Acknowledging and informed by the rich cultural resources of her Polynesian heritage (Maori -Ngai Tahu, Samoan), Lonnie Hutchinson is a multi media, installation and performance artist who exhibits throughout Australasia and internationally. Drawing lies at the base of Lonnie's practise which is as much influenced by contemporary, advertising, hip hop, graffiti art and popular culture as by Polynesian aesthetics and art forms, juxtaposing negative and positive elements of space.
Hutchinson signature works comprise of decorative cut outs made from black builder's paper that reference traditional arts (siapo, tivaevae, weaving and the missionary introduction of domestic needlework skills into the Pacific). Maori Kowhaiwhai, koru motifs, Polynesian designs and frangipani forms alternate with pigeon cut-outs or 'Scary Spice' like silhouettes. These decorations create a delicate interplay of space, light and shadow that bridge socio/political/gender and cultural concerns. Three particular examples: Black pearl, black birding - slavery, Sister Girl, the legacy of Catholicism and Sister Seven,representing Lonnie's spiritual experience and response to the mountainous tribal landscapes of her Ngai Tahu ancestors.
In RAMP Gallery Hutchinson will use a fresh approach to her art making and at the same time enable the audience to participate in the making of the work. Instead of bringing her art works packed in boxes ready to be unwrapped and neatly distributed in the gallery space, she will be carrying the raw materials of her craft and during her stay will draw, paint and sculpt directly on the gallery walls.

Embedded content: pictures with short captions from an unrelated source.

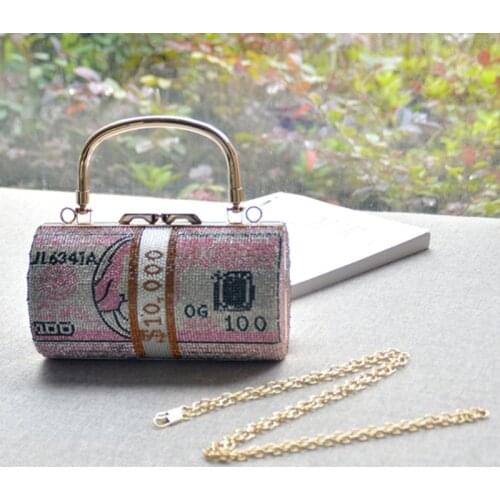 Dollars Crystal Clutch Purses Women Diamond Evening Bags Party Cocktail Rhinestone Handbags Wedding Dinner Bag 066C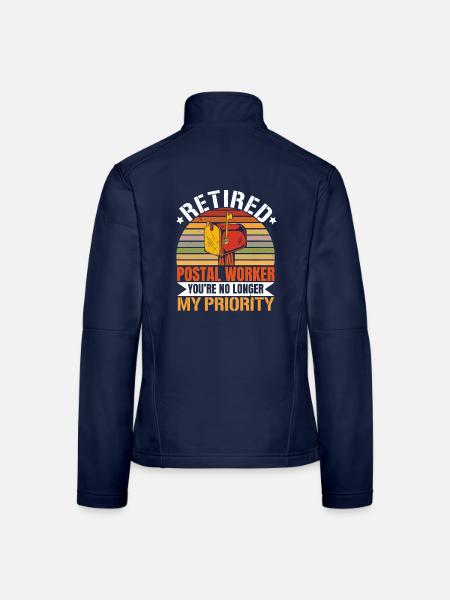 Postangestellter im Ruhestand Du bist nicht mehr m - Frauen Softshelljacke - Navy - Hinten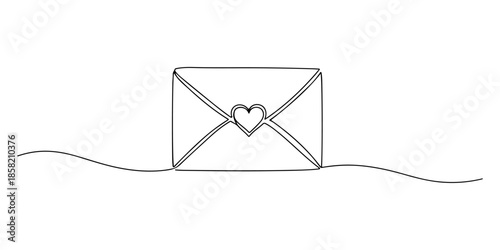 Continuous one line of a love letter with a heart seal, symbolizing love, affection, care, and unity isolated on a white background, drawn vector illustration.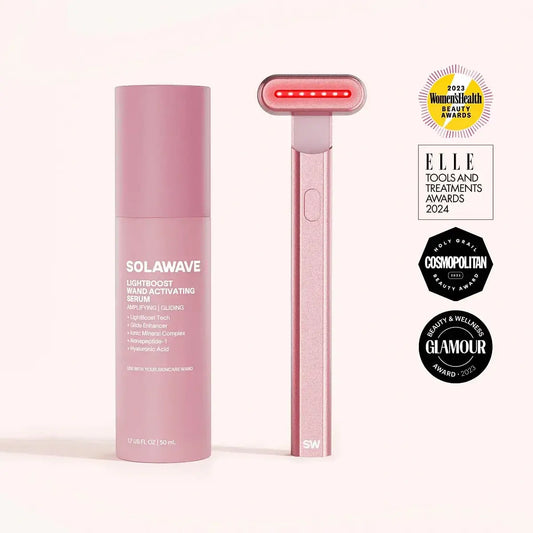 This award-winning Skincare Wand uses 4 advanced technologies to visibly soften fine lines, boost radiance, and refresh tired skin. With a rotating head and built-in timer, you're in control of where results appear. After 8 weeks, visibly reduces: Fine li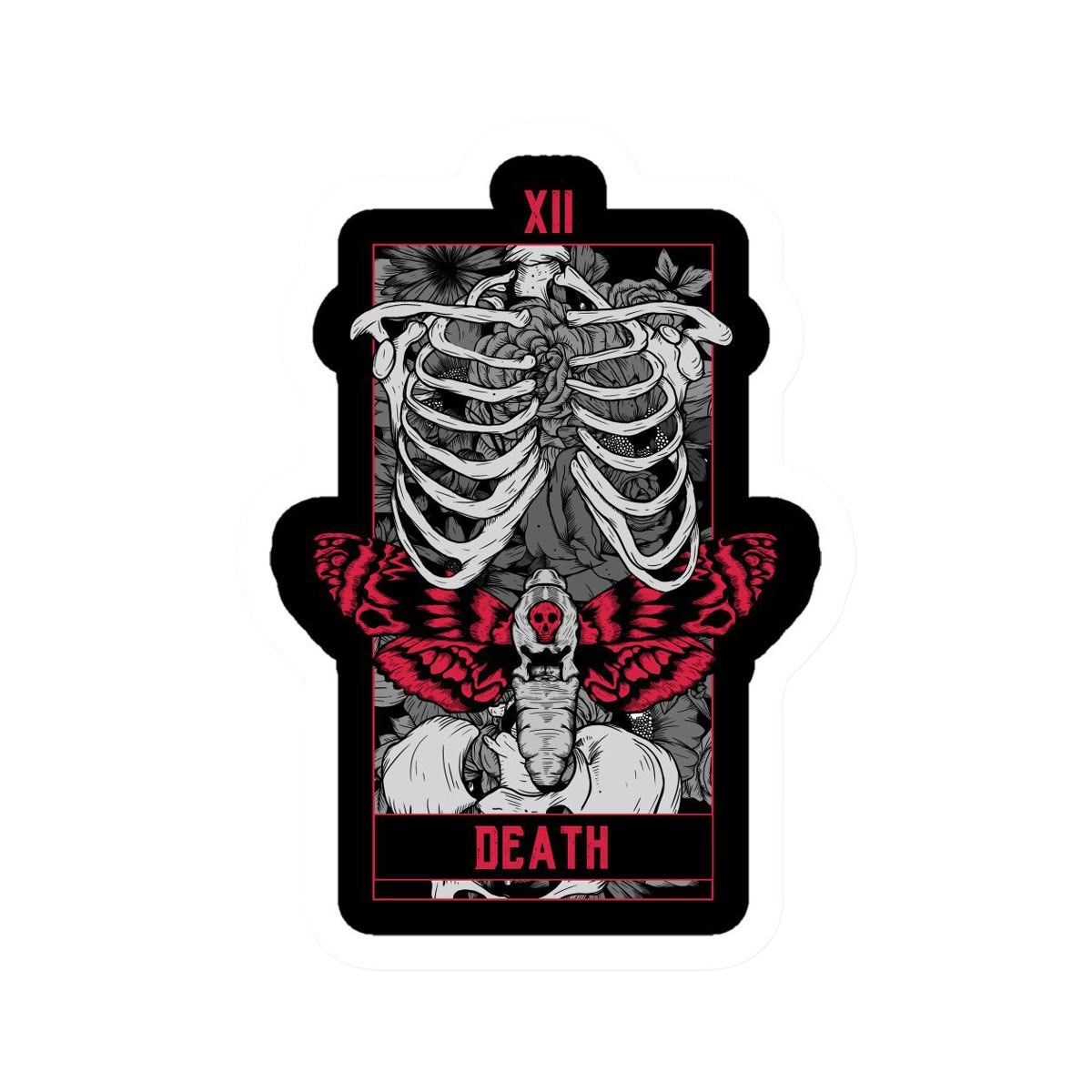 Death Tarot Card Red Magnet Sticker Skeleton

Hutchinson wants to make this an interactive process by opening the gallery and inviting an audience to view the working process. She wants to break the pattern - in the traditional art gallery space the audience will only see the finished work and are therefore not able to participate in the creative process, the struggle, the hassle and the potential joy when it is all over. In the exhibition at RAMP, Hutchinson will explore the synergy between music and the visual arts by playing her favourite sound as a backdrop to her active production. The audience can move and swing with early 80's rock, old school hip-hop and other favourites.